Wieder geht es in der Diskussion um den strengen Schutzstatus des Wolfs, die Eignung von Herdenschutzhunden und die Entnahme, also den Abschuss des Wolfs. Während die einen vor Wolfsübergriffen auf den Menschen warnen (Benno Zierer, FW), sehen die anderen bei Rudelbildung schon das Ende der Alm- und Alpwirtschaft und warnen vor der Gefahr durch bestimmte Herdenschutzhunde für den Menschen (Eric Beißwenger, CSU). „Bitte keine Stimmung schüren“, meint Florian von Brunn (SPD). Die Schweiz zeige, dass Almbewirtschaftung trotz Wolf möglich sei. Die meisten Risse gebe es dort, wo kein Herdenschutz stattfinde. Klar seien manche Bereiche schwer zu zäunen, aber vom „Untergang des Abendlands und der Alm- und Alpwirtschaft“ zu reden, sei schlicht „Panikmache“. Wolfsfreie Gebiete seien europarechtlich nicht zulässig und „das müssen wir akzeptieren“.

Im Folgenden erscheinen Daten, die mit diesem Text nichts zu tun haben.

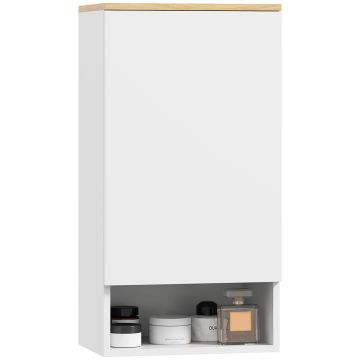HOMCOM Dulap pentru Baie cu Rafturi Ajustabile și Compartiment Deschis, 40x27x77 cm, Alb | Aosom Romania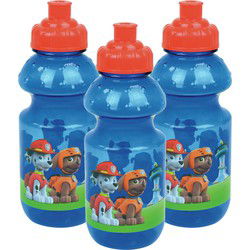 3x paw patrol bidon - 350 ml - kunststof - pop-up - drinkbeker - beker - Schoolbekers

„Ich hab nach zwei Tagen die Ohrmarke gefunden“
Das will nicht jeder. Der Agrarausschussvorsitzende Leopold Herz (FW) hat zwar keine Lösung parat, berichtet aber mit bebender Stimme von eigenen Erfahrungen: „Bei mir wurde eine ganz Kuh gerissen, mit Kalb, aber ich konnte es nicht nachweisen. Ich habe nach zwei Tagen die Ohrmarke gefunden.“ Es sei klar, „was daraus zu folgen hat“. Gemeint ist der Abschuss.
Ähnlich emotional, wenn auch juristisch etwas differenzierter, äußert sich der Traunsteiner CSU-Abgeordnete Klaus Steiner. Er beschreibt die Verzweiflung der Familie in seinem Stimmkreis nach dem Wolfriss in Bergen. „Das sind gestandene Bauern, die wissen nicht mehr weiter“, sagt er. „Was wir hier besprechen, geht an den Anliegen der Praktiker vorbei. Wir führen die Diskussion im Landtag seit Jahren und drehen uns im Kreis.“ Man müsse die Bildung von Rudeln verhindern, und das gehe nur durch die Schutzstatus-Änderung. „Alles andere ist Kosmetik.“
Einen Kosmetik-Artikel hat vergangene Woche die Umweltministerkonferenz geliefert und einen „Praxisleitfaden Wolf“ verabschiedet. Er skizziert rechtliche Grundlagen und gibt Hinweise zum Herdenschutz und zu Entnahmen. Rechtlich ändert er nichts. „Die Regelungen des Bayerischen Aktionsplans Wolf sind mit dem Praxisleitfaden vereinbar und bleiben unberührt“, erklärt ein Sprecher des bayerischen Umweltministeriums auf Nachfrage. Nur: Genau der Aktionsplan Wolf stiftet eben keinen Frieden, wie die Diskussion im Ausschuss und unter den Landwirten zeigt.
Griffiger scheint das zu sein, was die Ampelkoalition in Berlin vorhat. Das lässt auch den Juristen Alexander Flierl (CSU) aufhorchen. „Ich bin gespannt auf die Umsetzung im Koalitionsvertrag“, sagt er. Alles was die Ampel plant, sei im Bundesrat bisher abgeblockt worden.
Rosi Steinberger wird zum Schluss noch mal versöhnlich und wiederholt das, was Flierl zuvor anmahnte: „Wir sollten den Wolf nicht idealisieren, aber auch nicht dämonisieren.“ Wenn das bei den Emotionen nur so einfach wäre.